We need to select exactly three distinct indices i, j, and k such that the corresponding x values are all different:

  • x[i] != x[j]
  • x[j] != x[k]
  • x[k] != x[i]

Among all valid choices, we want to maximize:

$$y[i] + y[j] + y[k]$$

The key observation is that the restriction applies only to the values in x, not to the values in y. Multiple indices may share the same x value, but we can choose at most one of them because all three selected x values must be distinct.

The input size is quite large:

  • 3 <= n <= 10^5
  • 1 <= x[i], y[i] <= 10^6

A solution that examines all possible triplets would be far too slow because the number of triplets grows cubically with n.

An important way to think about the problem is that for every distinct value of x, only the largest associated y value can ever be useful. If we decide to use a particular x value in the final triplet, choosing anything other than its maximum y would never improve the answer.

Several edge cases are worth noting:

  • There may be fewer than three distinct values in x, making a valid triplet impossible.
  • A particular x value may appear many times, requiring us to keep only its best y.
  • The maximum y values may come from duplicate x groups, so we must respect the distinctness constraint.
  • Since all y[i] are positive, once we know the best y for each distinct x, the optimal answer is simply the sum of the three largest such values.

Approaches

Brute Force

A straightforward solution would enumerate every possible triplet of indices (i, j, k).

For each triplet, we would check whether the corresponding x values are pairwise distinct. If they are, we compute the sum of the three y values and update the maximum answer.

This approach is correct because it explicitly checks every valid triplet and therefore cannot miss the optimal one.

However, the number of triplets is:

$$\binom{n}{3}$$

which is O(n³). With n = 100,000, this is completely infeasible.

Optimal Approach

The distinctness condition applies only to x values.

Suppose a particular value x = v appears multiple times. If we ever choose this group, we should always take the occurrence with the largest y, because choosing a smaller y can only decrease the final sum.

Therefore:

  1. Group indices by their x value.
  2. For each distinct x, keep only the maximum y.
  3. Collect all these maximum values.
  4. If there are fewer than three distinct x values, return -1.
  5. Otherwise, select the three largest group maxima and sum them.

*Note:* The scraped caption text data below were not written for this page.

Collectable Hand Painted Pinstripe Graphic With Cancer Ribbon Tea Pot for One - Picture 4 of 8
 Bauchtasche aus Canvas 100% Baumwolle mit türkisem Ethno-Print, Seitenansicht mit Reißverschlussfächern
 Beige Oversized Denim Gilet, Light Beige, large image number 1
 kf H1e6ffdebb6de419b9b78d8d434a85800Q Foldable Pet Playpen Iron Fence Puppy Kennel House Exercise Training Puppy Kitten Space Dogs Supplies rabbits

Because all y values are positive, choosing the three largest available group maxima always yields the maximum possible triplet sum.

Approach Comparison

Approach Time Complexity Space Complexity Notes
Brute Force O(n³) O(1) Checks every triplet explicitly
Optimal O(n) O(m) Keep the best y for each distinct x, where m is the number of distinct x values

Algorithm Walkthrough

  1. Create a hash map where the key is an x value and the value is the maximum y seen for that x.
  2. Iterate through both arrays simultaneously.
  3. For each pair (x[i], y[i]), update the hash map entry:
  • If this x has not been seen before, store y[i].
  • Otherwise, replace the stored value if y[i] is larger.
  1. After processing all elements, the hash map contains exactly one value for every distinct x, namely the largest y associated with that x.
  2. Check the number of distinct x values.
  • If there are fewer than three, return -1 because forming a valid triplet is impossible.
  1. Extract all stored maximum y values.
  2. Find the three largest values among them.
  3. Return their sum.

Why it works

For any distinct x value, only the largest associated y can contribute to an optimal solution. Replacing a chosen occurrence with another occurrence having the same x but a smaller y would never increase the answer.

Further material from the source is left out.